Data block.

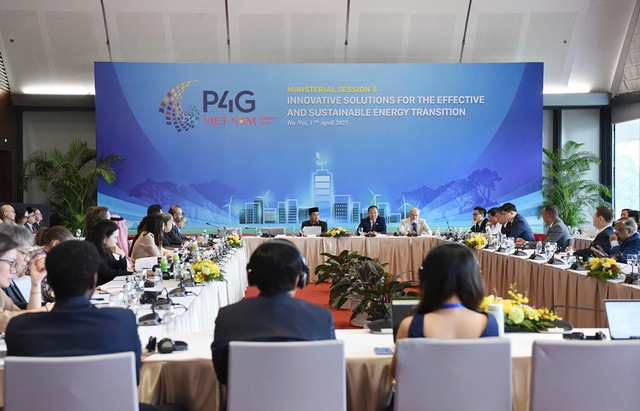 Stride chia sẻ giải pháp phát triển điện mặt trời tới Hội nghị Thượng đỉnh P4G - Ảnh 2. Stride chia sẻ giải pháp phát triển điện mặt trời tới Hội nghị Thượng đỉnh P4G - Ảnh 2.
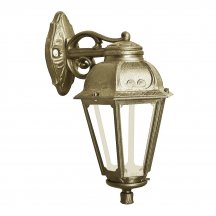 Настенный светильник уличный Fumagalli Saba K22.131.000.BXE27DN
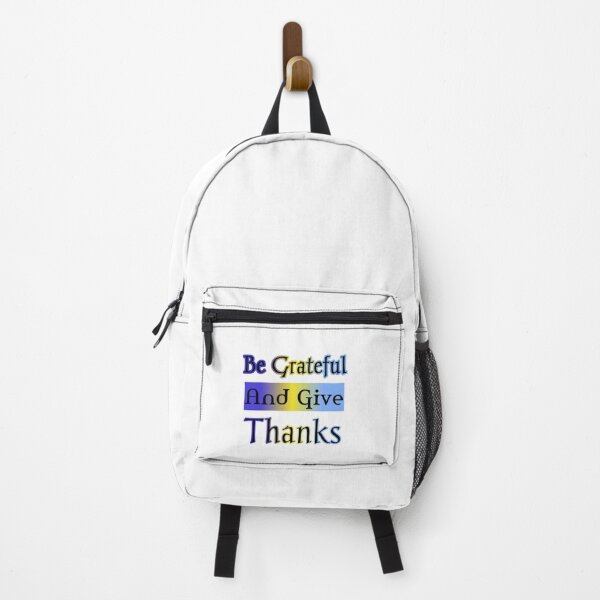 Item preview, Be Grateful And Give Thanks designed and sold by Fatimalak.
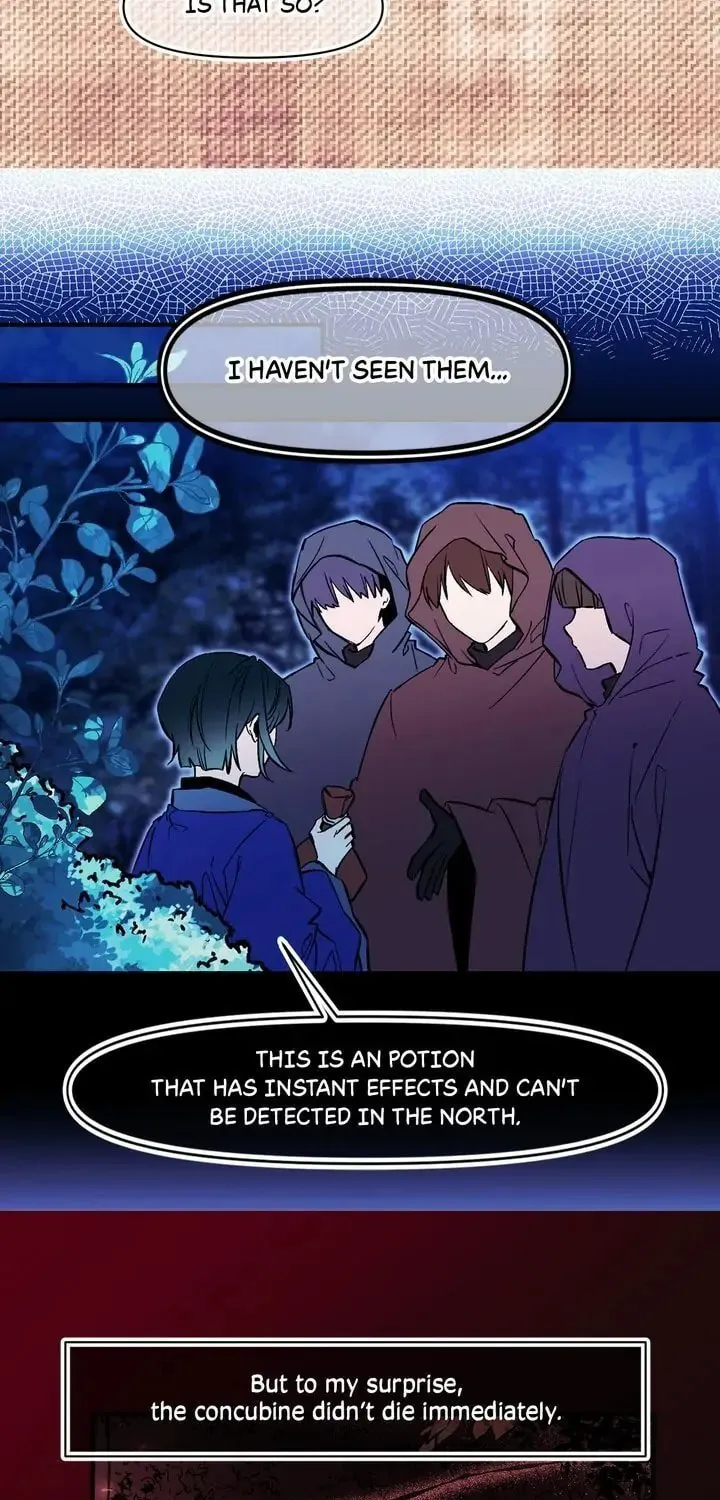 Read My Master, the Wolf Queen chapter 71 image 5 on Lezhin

Task statement. An exact copy is needed of the lines running from the one containing "Настенный светильник уличный" through the last line of the material, and of no others; pictures stay out.

Response.
 Настенный светильник уличный Fumagalli Saba K22.131.000.BXE27DN
 Item preview, Be Grateful And Give Thanks designed and sold by Fatimalak.
 Read My Master, the Wolf Queen chapter 71 image 5 on Lezhin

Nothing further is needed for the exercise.